Sekedar oh.. ehm.. skip. Karena aku nggak berminat ngomongin or judge orang
itu. Idk why sejak kemarin malem aku beneran liat sendiri pelakunya lagi mau
praktek ena-ena aku jadi miris. Pengin yang melakukan sesuatu tapi nggak tau
gimana. Nggak mungkin aku mau cegah mereka dan tiba-tiba ceramah kan?
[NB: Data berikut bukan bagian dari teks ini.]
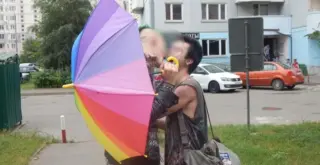 на фото два панка целуются под радужным зонтом, за это фото мужчина получил штраф как за ЛГБТ-пропаганду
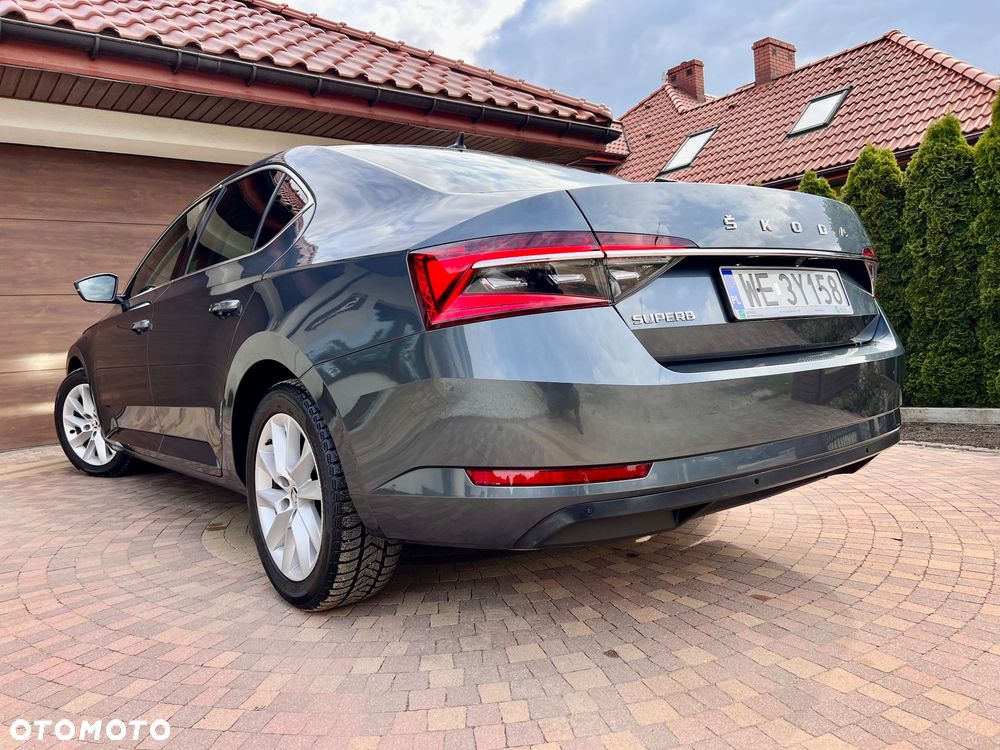 Skoda Superb ver-2-0-tdi-scr-ambition-dsg - 25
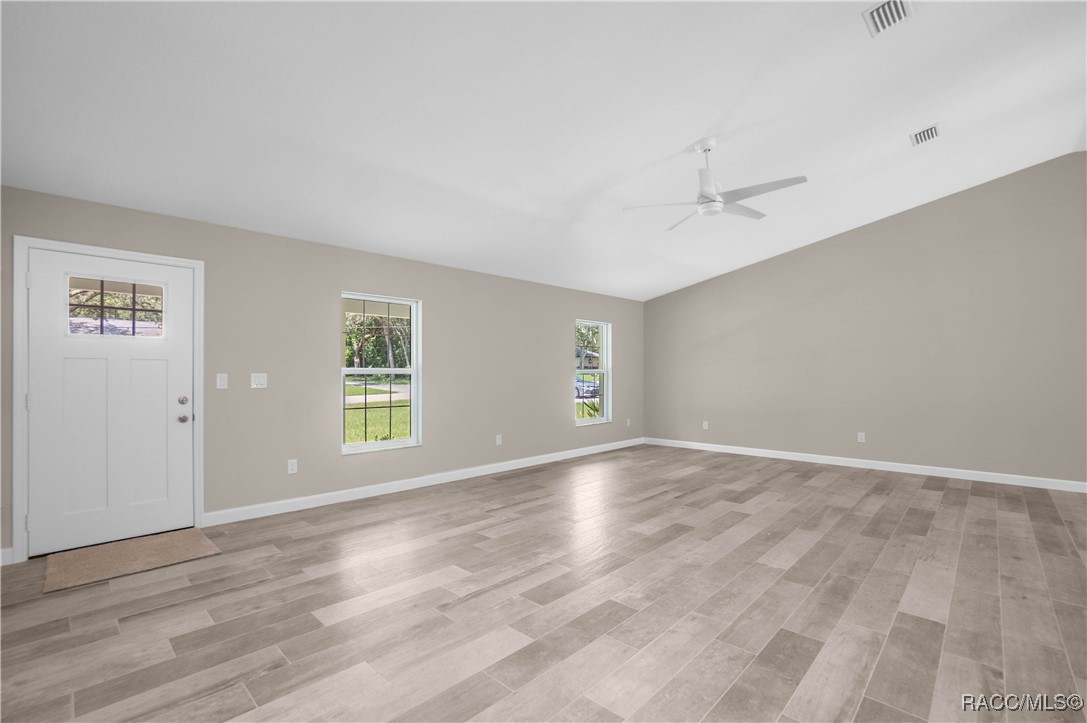 1124 W Redding Street — photo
So aku mau sharing aja, menuangkan pikiranku, pendapatku,
saranku, disini. Aku sebagai seorang ibu akan berusaha mendidik anak mengenai
seks sejak dini. Sudah banyak kok artikel dan tulisan tentang ini. Tinggal kita
sebagai orang tua memahami bahwa pendidikan seks itu penting. Jangan dianggap
hal yang tabu untuk dibicarakan sama anak. Ini sama sekali beda dengan cerita
mesum. Kita nggak ngajarin hal yang porno. Justru awal pendidikan seks ini
harus diajarkan oleh orang tua. Bukan guru IPA disekolah yang hanya menjelaskan
sistem reproduksi
Aku belum ngobrol
lebih jauh sama abang tentang ini sih karena Zac juga masih kecil banget. Aku
yang masih Cuma ngajarin nama bagian-bagian tubuhnya dengan benar. Contohnya
aku menjelaskan bahwa yang untuk pipis itu namanya penis, bukan pake istilah
burung, titit, or any other. Dan itu bagian yang nggak boleh dilihat orang.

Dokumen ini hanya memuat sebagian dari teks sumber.